“Oscars 2025: Emilia Pérez Sets Record with 13 Nominations, The Brutalist and Wicked Follow Close Behind” Oscar nominations 2025/Emilia Perez//The brutalist//Anora//A complete unknown//Oscar nominations//Rachel Sennott

Content Table

  • Jacques Audiard’s trans musical breaks record for most nominations for a film not in the English language.
  • Star Carla Sofia Gascón becomes first trans actor to be nominated for an Oscar.
  • Pamela Anderson, Denzel Washington, Nicole Kidman and Angelina Jolie were snubbed
  • Oscar’s nominations 2025: Emilia Pérez breaks record with 13 as The Brutalist and Wicked both trail with 10
  • Oscar’s nominations 2025: the full list

Oscar nominations 2025/Emilia Perez

Emilia Perez, in Jacques Audiard’s musical film about a transgender gainer running away from crowds in Mexico, has broken the record for the most Oscar nominations earned by a film other than the English language.

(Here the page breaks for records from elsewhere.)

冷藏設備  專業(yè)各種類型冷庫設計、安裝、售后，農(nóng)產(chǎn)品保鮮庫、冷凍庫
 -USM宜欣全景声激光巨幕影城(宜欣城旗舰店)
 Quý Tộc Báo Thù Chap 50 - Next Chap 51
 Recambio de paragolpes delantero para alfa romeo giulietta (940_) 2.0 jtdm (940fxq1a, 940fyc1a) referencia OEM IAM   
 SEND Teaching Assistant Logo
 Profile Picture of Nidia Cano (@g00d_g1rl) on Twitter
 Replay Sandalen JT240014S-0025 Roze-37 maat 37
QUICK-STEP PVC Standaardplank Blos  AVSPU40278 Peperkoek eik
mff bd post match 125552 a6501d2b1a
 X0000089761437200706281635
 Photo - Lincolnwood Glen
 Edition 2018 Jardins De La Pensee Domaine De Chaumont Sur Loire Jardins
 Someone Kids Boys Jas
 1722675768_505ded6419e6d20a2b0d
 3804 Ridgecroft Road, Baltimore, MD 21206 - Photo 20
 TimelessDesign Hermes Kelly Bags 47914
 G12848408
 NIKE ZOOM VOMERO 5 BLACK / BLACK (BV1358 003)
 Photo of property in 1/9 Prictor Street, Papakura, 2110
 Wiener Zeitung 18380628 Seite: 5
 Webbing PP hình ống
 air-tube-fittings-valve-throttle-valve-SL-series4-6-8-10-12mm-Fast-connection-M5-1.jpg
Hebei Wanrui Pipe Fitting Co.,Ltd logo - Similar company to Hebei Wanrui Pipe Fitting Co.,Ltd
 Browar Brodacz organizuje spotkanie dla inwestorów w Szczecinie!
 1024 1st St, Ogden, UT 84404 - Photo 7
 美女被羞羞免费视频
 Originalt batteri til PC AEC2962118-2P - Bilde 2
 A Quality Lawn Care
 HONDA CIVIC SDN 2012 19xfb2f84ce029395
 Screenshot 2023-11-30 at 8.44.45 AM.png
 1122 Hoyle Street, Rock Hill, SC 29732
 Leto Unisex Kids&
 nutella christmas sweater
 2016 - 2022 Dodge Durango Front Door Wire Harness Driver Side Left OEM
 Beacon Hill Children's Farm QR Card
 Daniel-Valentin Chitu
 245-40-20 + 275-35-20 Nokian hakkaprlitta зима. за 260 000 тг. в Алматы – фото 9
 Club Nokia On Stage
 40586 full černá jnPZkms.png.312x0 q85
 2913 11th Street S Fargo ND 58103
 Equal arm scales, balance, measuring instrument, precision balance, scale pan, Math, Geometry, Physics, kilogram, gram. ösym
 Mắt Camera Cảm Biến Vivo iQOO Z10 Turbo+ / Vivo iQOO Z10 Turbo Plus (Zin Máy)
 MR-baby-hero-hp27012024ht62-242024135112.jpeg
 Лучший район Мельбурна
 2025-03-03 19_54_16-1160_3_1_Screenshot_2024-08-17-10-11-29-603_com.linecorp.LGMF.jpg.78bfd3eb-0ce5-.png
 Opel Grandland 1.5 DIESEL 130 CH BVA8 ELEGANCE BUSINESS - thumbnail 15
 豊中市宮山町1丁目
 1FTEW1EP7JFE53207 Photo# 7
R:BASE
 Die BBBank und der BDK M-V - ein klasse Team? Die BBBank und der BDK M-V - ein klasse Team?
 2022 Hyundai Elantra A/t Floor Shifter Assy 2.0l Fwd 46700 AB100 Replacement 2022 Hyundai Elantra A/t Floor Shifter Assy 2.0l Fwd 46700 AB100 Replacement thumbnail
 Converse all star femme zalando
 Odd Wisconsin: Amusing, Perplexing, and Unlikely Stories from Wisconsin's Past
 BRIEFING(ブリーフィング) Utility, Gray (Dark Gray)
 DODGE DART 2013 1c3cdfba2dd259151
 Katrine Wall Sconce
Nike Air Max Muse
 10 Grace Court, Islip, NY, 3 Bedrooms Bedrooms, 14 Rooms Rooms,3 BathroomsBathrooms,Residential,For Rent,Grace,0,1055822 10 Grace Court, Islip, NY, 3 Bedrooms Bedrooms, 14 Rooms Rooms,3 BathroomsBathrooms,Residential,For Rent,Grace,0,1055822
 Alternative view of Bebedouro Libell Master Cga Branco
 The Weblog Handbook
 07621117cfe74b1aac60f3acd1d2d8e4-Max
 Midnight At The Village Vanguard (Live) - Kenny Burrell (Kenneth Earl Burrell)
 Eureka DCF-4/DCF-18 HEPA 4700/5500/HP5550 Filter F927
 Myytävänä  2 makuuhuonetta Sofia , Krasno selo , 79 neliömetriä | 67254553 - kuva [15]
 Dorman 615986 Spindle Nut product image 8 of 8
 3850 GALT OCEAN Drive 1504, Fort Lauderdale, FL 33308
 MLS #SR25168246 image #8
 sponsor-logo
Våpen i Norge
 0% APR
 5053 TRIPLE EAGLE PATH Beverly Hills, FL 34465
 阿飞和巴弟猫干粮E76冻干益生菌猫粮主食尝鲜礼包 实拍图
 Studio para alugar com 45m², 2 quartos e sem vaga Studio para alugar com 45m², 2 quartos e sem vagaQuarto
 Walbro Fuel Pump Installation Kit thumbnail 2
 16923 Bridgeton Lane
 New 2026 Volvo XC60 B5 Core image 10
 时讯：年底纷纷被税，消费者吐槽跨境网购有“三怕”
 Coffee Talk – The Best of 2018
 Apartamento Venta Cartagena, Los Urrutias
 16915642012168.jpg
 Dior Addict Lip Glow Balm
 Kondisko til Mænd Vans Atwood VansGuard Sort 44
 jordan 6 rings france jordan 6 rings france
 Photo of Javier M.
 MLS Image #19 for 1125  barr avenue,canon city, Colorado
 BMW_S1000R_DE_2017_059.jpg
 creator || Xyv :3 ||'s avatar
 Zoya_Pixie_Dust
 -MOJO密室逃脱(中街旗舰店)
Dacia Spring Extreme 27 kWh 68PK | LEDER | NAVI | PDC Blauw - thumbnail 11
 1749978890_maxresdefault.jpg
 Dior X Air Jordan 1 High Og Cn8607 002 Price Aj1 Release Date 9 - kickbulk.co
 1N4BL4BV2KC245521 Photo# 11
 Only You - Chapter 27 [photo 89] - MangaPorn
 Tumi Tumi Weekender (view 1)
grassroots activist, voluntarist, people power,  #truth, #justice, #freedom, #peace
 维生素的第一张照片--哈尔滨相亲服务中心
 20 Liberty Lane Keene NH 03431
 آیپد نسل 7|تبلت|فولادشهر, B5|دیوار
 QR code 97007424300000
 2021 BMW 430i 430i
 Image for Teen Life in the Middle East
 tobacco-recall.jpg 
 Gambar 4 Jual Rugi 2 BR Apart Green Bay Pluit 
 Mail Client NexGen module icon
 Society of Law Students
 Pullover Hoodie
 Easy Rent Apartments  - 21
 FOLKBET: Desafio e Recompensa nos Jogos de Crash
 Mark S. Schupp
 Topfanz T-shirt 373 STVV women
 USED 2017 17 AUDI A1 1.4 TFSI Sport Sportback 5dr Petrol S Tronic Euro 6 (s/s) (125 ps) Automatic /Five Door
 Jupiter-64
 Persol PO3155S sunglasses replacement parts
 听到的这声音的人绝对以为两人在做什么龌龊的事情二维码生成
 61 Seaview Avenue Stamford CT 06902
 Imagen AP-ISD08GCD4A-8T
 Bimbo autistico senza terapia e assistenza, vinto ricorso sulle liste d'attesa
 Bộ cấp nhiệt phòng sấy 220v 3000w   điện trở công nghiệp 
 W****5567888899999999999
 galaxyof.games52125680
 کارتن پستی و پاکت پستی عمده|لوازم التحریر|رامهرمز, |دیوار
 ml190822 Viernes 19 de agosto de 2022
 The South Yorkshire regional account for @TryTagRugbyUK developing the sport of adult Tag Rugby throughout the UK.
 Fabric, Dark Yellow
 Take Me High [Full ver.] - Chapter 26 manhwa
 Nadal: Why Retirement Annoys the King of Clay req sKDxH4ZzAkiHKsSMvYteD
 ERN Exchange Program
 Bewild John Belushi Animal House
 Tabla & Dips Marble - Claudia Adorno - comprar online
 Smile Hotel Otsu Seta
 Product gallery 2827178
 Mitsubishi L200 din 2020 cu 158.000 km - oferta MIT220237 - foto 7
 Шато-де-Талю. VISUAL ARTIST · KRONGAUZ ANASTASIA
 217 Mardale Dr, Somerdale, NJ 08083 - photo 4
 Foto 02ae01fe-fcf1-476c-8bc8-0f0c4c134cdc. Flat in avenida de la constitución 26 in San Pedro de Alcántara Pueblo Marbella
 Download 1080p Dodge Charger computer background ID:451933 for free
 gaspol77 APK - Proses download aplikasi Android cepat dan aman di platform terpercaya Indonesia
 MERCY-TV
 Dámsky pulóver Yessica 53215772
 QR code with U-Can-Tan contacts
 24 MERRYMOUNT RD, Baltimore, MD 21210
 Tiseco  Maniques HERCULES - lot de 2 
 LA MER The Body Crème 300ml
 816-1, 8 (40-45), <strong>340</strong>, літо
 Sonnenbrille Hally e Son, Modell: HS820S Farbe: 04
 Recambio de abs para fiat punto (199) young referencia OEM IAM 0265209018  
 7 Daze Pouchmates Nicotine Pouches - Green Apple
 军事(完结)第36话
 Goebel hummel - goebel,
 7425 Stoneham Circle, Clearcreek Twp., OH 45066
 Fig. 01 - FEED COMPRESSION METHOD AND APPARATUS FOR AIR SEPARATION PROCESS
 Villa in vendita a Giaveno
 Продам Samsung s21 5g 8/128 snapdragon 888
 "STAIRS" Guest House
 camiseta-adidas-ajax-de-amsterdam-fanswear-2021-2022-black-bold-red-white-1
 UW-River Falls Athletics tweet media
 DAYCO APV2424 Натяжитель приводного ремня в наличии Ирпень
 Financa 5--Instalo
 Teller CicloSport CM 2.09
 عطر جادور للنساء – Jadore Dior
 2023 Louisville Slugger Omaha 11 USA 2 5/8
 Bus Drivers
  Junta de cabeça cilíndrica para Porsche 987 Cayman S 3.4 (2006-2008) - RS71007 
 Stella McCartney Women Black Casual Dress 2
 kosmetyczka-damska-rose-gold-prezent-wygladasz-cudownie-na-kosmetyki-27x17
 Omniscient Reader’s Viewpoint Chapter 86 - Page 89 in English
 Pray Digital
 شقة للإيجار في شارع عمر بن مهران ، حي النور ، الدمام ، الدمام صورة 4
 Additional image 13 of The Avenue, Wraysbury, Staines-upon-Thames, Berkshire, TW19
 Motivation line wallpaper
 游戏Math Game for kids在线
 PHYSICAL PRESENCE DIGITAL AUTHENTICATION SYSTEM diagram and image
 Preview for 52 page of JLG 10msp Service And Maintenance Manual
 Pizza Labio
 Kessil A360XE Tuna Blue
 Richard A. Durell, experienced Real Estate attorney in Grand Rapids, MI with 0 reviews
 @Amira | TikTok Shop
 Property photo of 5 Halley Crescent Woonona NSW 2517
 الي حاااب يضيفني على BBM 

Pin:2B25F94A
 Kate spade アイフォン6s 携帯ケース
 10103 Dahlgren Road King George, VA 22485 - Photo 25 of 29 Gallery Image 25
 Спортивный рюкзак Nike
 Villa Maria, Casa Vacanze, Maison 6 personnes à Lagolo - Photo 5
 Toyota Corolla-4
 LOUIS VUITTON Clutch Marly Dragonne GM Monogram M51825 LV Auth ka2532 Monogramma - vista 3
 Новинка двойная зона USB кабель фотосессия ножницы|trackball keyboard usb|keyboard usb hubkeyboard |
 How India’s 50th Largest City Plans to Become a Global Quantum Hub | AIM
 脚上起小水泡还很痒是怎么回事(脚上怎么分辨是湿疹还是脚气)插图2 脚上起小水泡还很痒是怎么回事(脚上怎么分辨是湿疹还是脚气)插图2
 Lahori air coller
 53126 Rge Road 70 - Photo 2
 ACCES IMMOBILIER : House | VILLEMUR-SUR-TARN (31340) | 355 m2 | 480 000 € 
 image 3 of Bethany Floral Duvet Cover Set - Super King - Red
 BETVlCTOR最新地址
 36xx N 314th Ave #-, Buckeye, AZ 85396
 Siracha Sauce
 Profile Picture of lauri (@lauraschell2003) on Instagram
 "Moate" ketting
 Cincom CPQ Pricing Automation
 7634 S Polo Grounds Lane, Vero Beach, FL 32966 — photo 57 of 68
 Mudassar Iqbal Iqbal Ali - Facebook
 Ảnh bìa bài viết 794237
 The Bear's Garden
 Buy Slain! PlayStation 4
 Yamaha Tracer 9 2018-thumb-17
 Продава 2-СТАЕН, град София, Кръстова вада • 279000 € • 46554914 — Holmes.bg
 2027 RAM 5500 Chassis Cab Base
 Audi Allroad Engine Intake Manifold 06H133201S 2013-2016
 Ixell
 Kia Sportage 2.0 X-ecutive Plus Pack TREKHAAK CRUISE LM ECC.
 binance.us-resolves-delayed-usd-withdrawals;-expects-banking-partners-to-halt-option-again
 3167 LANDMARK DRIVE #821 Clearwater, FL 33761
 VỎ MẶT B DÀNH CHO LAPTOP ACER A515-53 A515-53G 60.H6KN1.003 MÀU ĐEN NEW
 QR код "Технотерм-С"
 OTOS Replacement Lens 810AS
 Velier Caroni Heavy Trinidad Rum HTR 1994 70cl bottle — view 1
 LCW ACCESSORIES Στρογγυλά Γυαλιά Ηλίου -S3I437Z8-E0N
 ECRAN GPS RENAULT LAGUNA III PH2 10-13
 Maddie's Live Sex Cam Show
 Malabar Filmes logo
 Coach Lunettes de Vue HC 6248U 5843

The film was up for 13 awards when it was announced Thursday — three more than Crouching Tiger, Hidden Dragon in 2001 and Roma in 2018.

Oscar nominations 2025, The brutalist

The identity of its star Carla Sofia Gascón marks the first time a transgender actor has been nominated for an Oscar; Elliot Page was nominated for Juno in 2008, 12 years before he came out as transgender. Audiard’s film was shortlisted twice, for supporting actress (for Zoe Saldana), director, picture, adapted screenplay, international feature, editing, cinematography, makeup and hairstyling, original score, best sound and original song.

Meanwhile, The Brutalist, Brady Corbet’s three-and-a-half-hour epic about a Hungarian architect, played by Adrien Brody, who moves to America after World War II, scored 10 nominations, as did Wicked, a film adaptation of the Broadway show’s box office smash.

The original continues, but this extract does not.